日本酒はその豊かな風味と深い味わいで、多くの人々に愛されています。ワインには旨味成分が含まれるものの味覚閾値以下でした。では、日本酒には旨味成分は、どのくらい含まれているのでしょうか? 今回は、日本酒に含まれる旨味成分について、科学的な視点から見てみたいと思います。

旨味とは?


旨味は、1908年に日本の科学者池田菊苗によって発見された、五つ目の基本味です。グルタミン酸、イノシン酸、グアニル酸などのアミノ酸や核酸によって引き起こされ、この味は肉、魚、野菜、乳製品、そして発酵食品に多く含まれています。旨味は、料理に深みと豊かさを与え、他の味覚を引き立てる役割を果たします。

日本酒の旨味成分


日本酒は、米と水を発酵させて作られる伝統的な日本の酒です。この発酵過程で、酵母と麹菌が働き、多くのアミノ酸(遊離アミノ酸:FAA)が生成されます。これらのFAAが日本酒の旨味の源となっています。

日本酒に含まれるFAAとその役割

  1. グルタミン酸(Glu):

    • グルタミン酸は日本酒に豊富に含まれる旨味成分であり、単独でも強い旨味を感じさせます。
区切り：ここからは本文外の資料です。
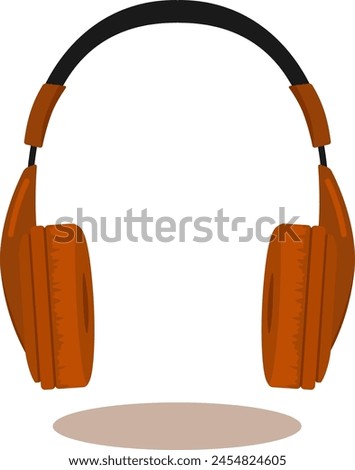 Headphone vector design chocolate color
    • 前回ご紹介したシャンパンと牡蠣の相性についての論文「シャンパンと牡蠣の味のペアリングの科学的原理としてのうま味の相乗効果」(参考文献1)を書いたCharlotte Vinther Schmidt博士は「発酵飲料のうま味の潜在力:日本酒、ワイン、シャンパン、そしてビール」(参考論文2)という論文も書いています。この論文では8種類の日本酒を調べています。グルタミン酸含有量は8~54 mg/100 mLの範囲で、
      カナダのJunmai Nama Genshu. Osake Artisan Sake Makerは、
      53 mg/100mlとかなり高い値を示しています。

    • グルタミン酸の味覚閾値は一般に29〜30 mg/100 mLですから、十分に旨味を感じることができる値です。

ちなみに、
    沢の鶴 米だけ 16.1 mg/100 mL
    玉櫻 純米吟醸 14.2 mg/100 mL
    沢の鶴 特別生酛純米 11.0 mg/100 mL
      という測定値が、参考論文2に掲載されていました。

そして、Charlotte Vinther Schmidt博士は、なんとデンマーク デンマーク首都地域 コペンハーゲンで、Umamamiaという会社の出資者&CTOになっていました!どんな事業なんでしょうね。興味シンシン

2.アルギニン(Arg):

  • アルギニンは日本酒のFAAの中で最も多く含まれる成分の一つであり、全FAAの約16%を占めます。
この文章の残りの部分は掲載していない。